El estudio de la toponimia, aunque lo mueva una emoción, debe hacerse con la razón sin execrar al corazón y, en no pocas oportunidades, a la intuición, que es un arma secreta de los investigadores, de difícil explicación y de cuidadosa divulgación por las aprehensiones de los ambientes académicos. En Venezuela, hemos tenido muchos estudiosos de la toponimia. Sin ánimo de ser exhaustivos, podemos recordar a Arístides Rojas, Tulio Febres Cordero, Lisandro Alvarado, Miguel Acosta Saignes, Tulio Chiossone, Adolfo Salazar Quijada, Marco Aurelio Vila, Ángel Rosenblat, Sergio Foghin, Luis Alfonso Márquez Carrero y al escritor cumanagoto Manuel de Jesús Morales y tantos otros autores, entre ellos muchos cronistas locales e indígenas interesados en la preservación de la memoria histórica de sus pueblos y aldeas. Una interesante investigación en este sentido lo constituye el trabajo de grado de la antropóloga ye’kuana Zuleima Jiménez Velázquez presentado a la Escuela de Antropología de la Universidad Central de Venezuela en 2015 y que tuve el placer y el honor de dirigir, titulado “Kudadañano/La Esmeralda, municipio Alto Orinoco, estado Amazonas: de aldea ye’kuana a conglomerado multiétnico. Una reconstrucción histórica”. Como parte de ese estudio tuvo que repasar los nombres de la sabana de La Esmeralda y los atribuidos a los salientes y flancos del gran tepui del Duida, donde en cada accidente vive algún espíritu ancestral de los ye’kuanas. Zuleima se sirvió de los conocimientos de los ancianos de La Esmeralda, muchos de ellos sus parientes, entre ellos su abuelo Manuel Velázquez.
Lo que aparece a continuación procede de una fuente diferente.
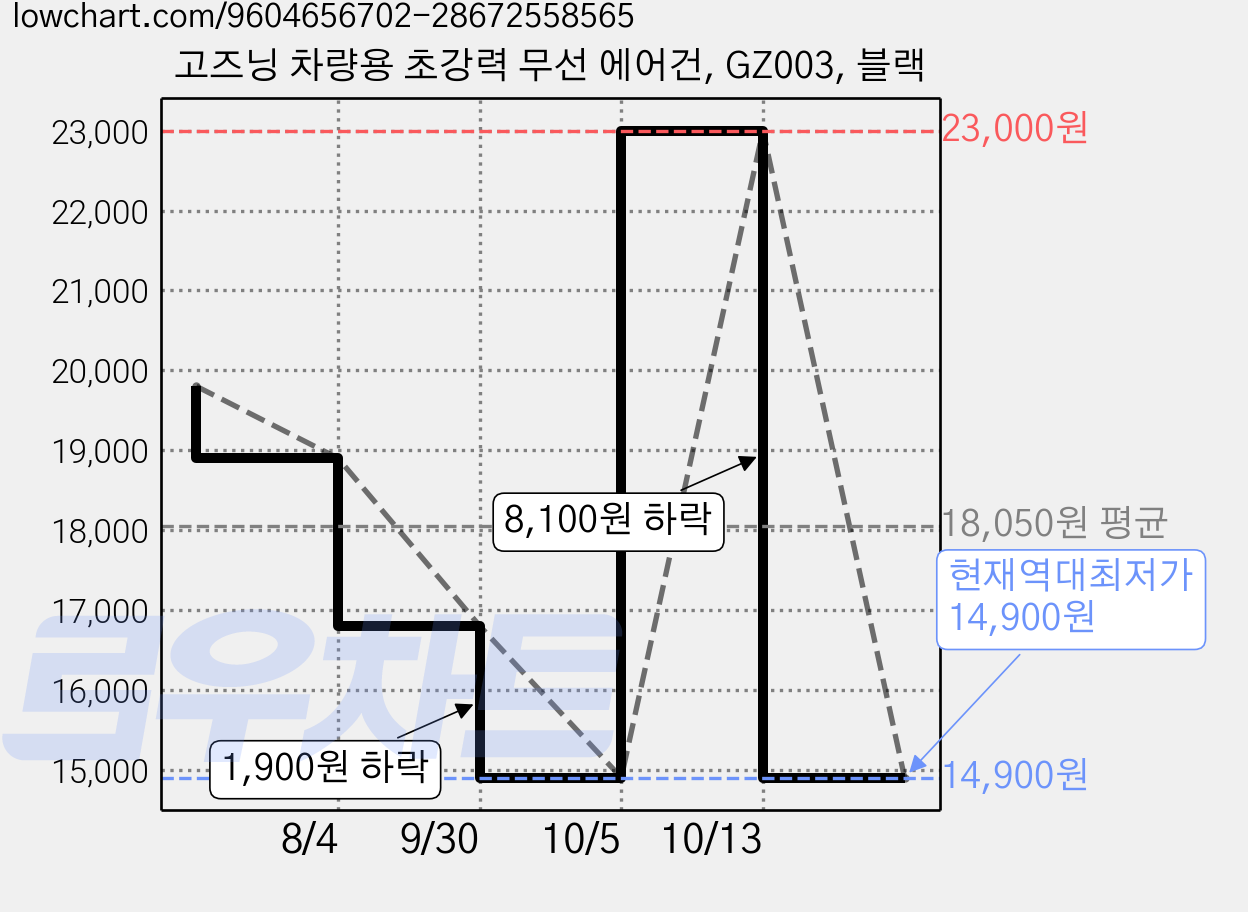 고즈닝 차량용 초강력 무선 에어건, GZ003, 블랙 가격 변동 차트, 현재가 14,900원, 역대최저가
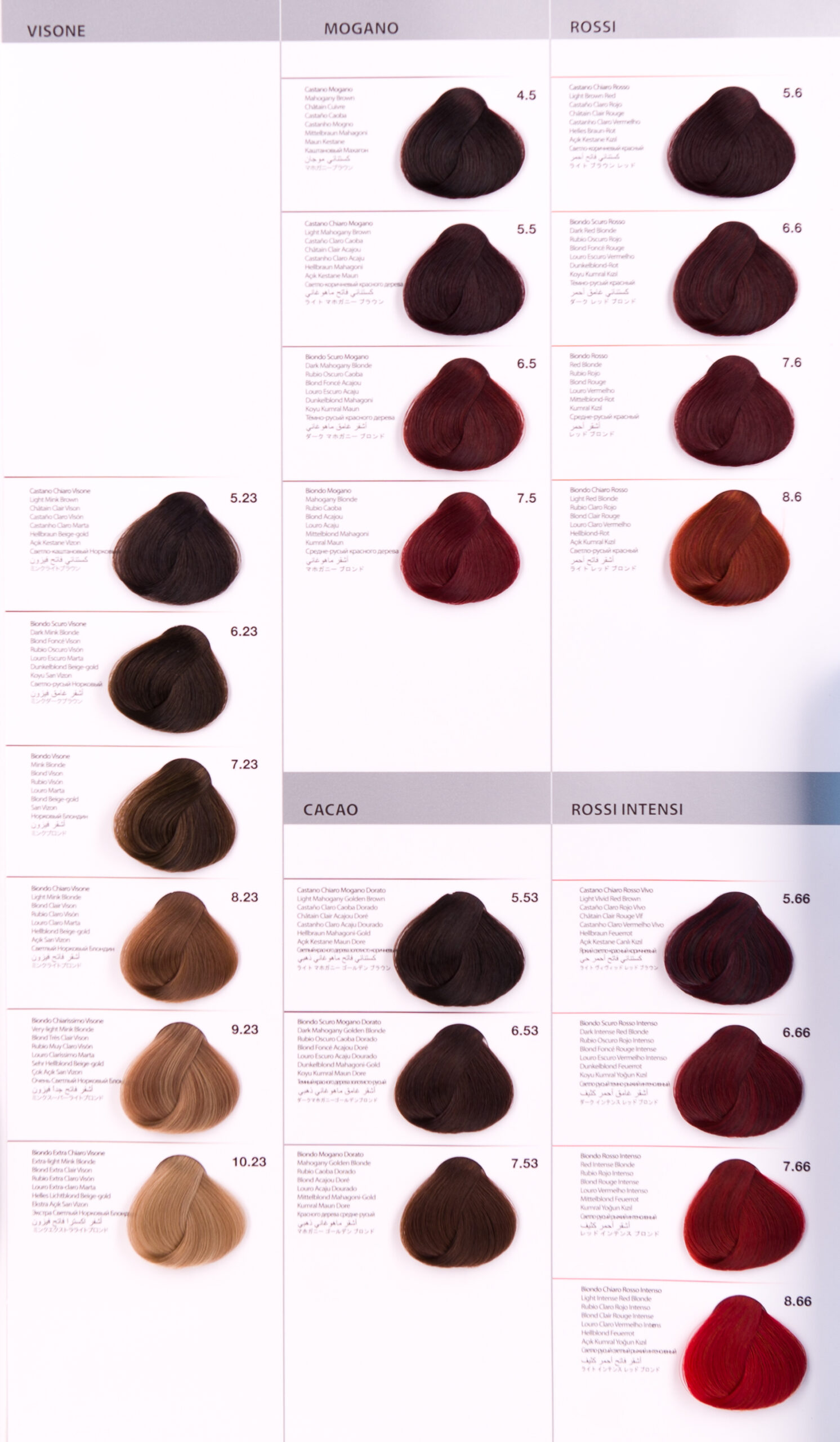 MyColor Colour Cream 100ml - obrazek 5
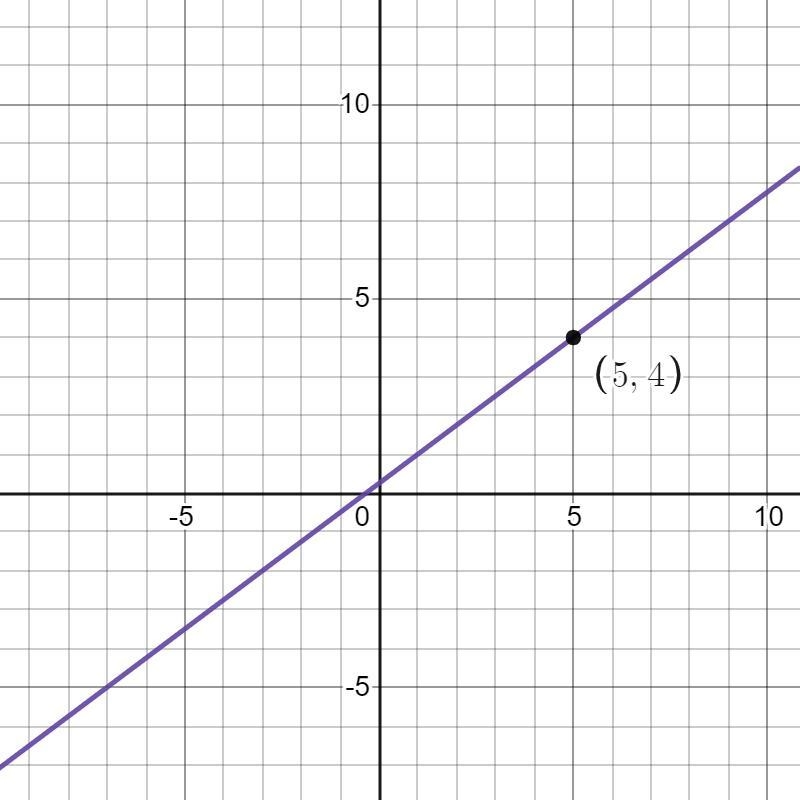 Find the equation of the line through point (5, 4) and perpendicular to y= -4/3x-2-example-1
Por supuesto, fue invalorable el extenso conocimiento que tiene Zuleima de su lengua materna, el ye’kuana, también del tronco caribe.
La toponimia en sí misma es una disciplina autónoma y a la vez auxiliar de muchas otras, como de manera recíproca lo son todas las ciencias sociales ampliamente entendidas y sin demérito alguno por tal razón para ninguna de ellas. Si se prefiere, se puede ver como un haz de disciplinas interconectadas que se presuponen unas a otras: la lingüística, la filología, la historia, la antropología, la geografía, el folclor, la sociología, la psicología, los estudios literarios, el análisis del discurso… Todas se auxilian y necesitan mutuamente. Los resultados de unas enriquecen y complementan los de las otras. Un interesante ejemplo de ello son los trabajos del gran filólogo español Ramón Menéndez Pidal, entre otros su famosísima obra Toponimia prerrománica hispánica y sus estudios sobre los topónimos en la literatura antigua.
Los topónimos guardan el alma de los lugares. Estudiarlos, esto es reconstruirlos y entenderlos, y conservarlos será siempre una tarea de gran utilidad académica y social. Constituyen parte del patrimonio inmaterial y de la riqueza de una sociedad. Los nombres de los sitios conducen a los recintos de su magia y su esencia.